When we try to fill in op1, we don't know anything and must try both + and *; but what about op[n-1]? If we want to fill it with *, then we know that b * an = target for some b, which means that target must be divisible by an. If it's not, then we can skip the * option for op[n-1]. The + option is always valid, so we can always try it. After filling in op[n-1], the problem has been reduced to one of the following:

(a1 op1 a2) op2 a3) op3 a4) ... op[n-2] an-1 = target - an
(a1 op1 a2) op2 a3) op3 a4) ... op[n-2] an-1 = target / an

And we repeat until we get a1 = target, which is trivial to check. The merit of this approach is that often times there remains only one valid option for the next operator, so we can skip a large portion of the search space, regardless of whether the final expression is valid or not. If a valid solution is found, it still returns early.

The order of the two tests don't matter, but I prefer to test the * option first since if it is true then that is more likely to lead to a solution, and we can skip the + option due to short circuiting.

let rec can_calc cur_res ops =
  match ops with
  | [] -> failwith "No operators left"
  | [ op ] -> cur_res = op
  | op :: rest ->
      (op <> 0 && cur_res mod op = 0 && can_calc (cur_res / op) rest)
      || can_calc (cur_res - op) rest

Note that this takes operands right-to-left, so we need to reverse the list.

Part 2

The only difference is the addition of ||, which doesn't change our approach of searching backwards.
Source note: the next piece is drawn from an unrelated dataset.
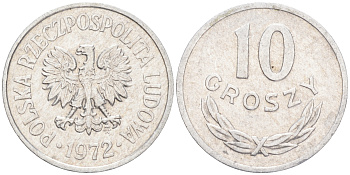 ПОЛЬША 10 ГРОШЕЙ 1972 MW KM АА47 алюминий 4528-161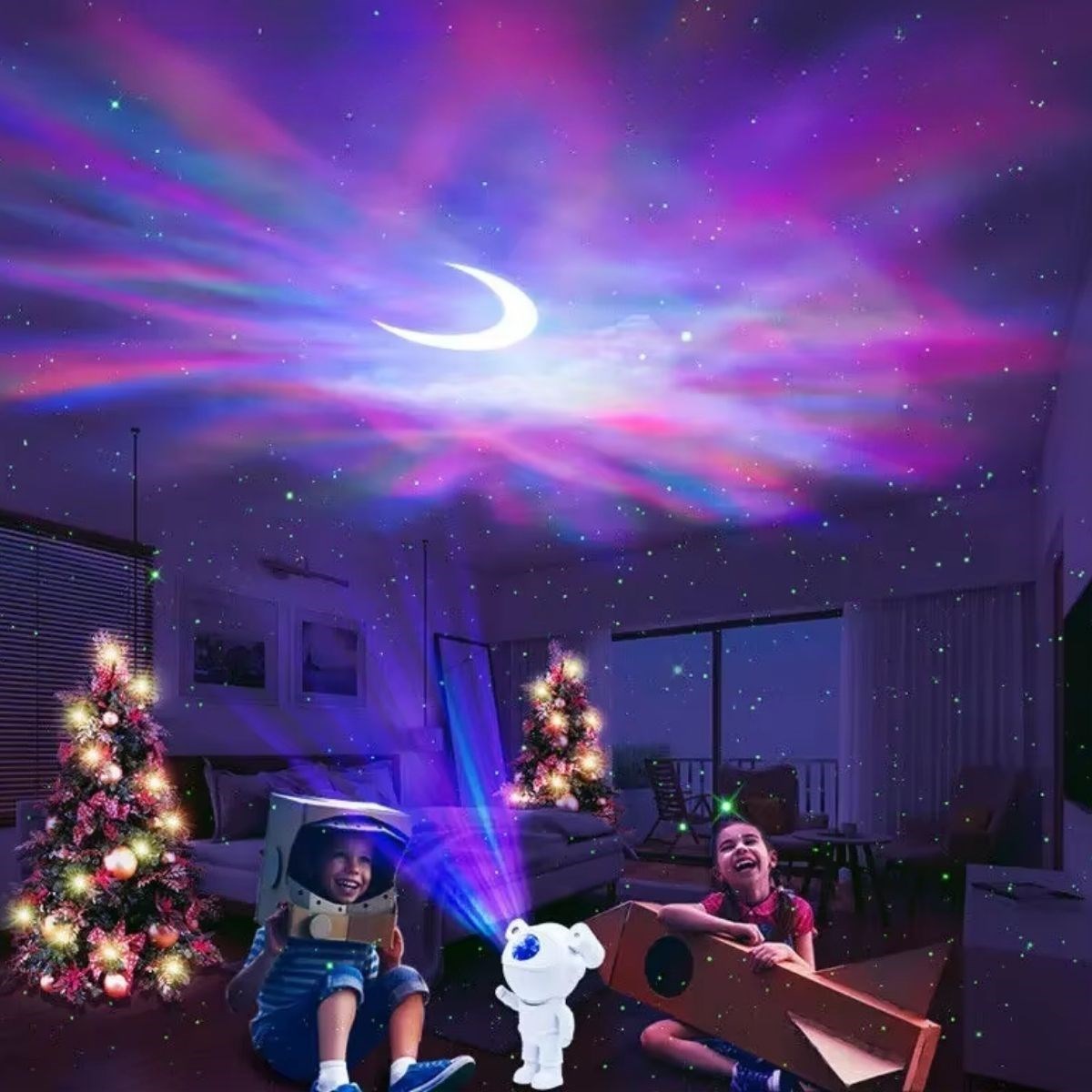 GENEL® Stickerlı ,Kumandalı ASTRONOT Model Gece Lambası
Now we need to consider the reverse operation of ||: for *, we test if target / an is valid; for ||, we need to test if we can strip an from target as a string suffix, and still have some numbers left.

let rec can_calc cur_res ops =
  match ops with
  | [] -> failwith "No operators left"
  | [ op ] -> cur_res = op
  | op :: rest ->
      (op <> 0 && cur_res mod op = 0 && can_calc (cur_res / op) rest)
      || (let op_str = string_of_int op in
          let cur_str = string_of_int cur_res in
          String.length cur_str > String.length op_str
          && String.ends_with ~suffix:op_str cur_str
          &&
          let remaining_str =
            String.sub cur_str 0 (String.length cur_str - String.length op_str)
          in
          can_calc (int_of_string remaining_str) rest)
      || (cur_res > op && can_calc (cur_res - op) rest)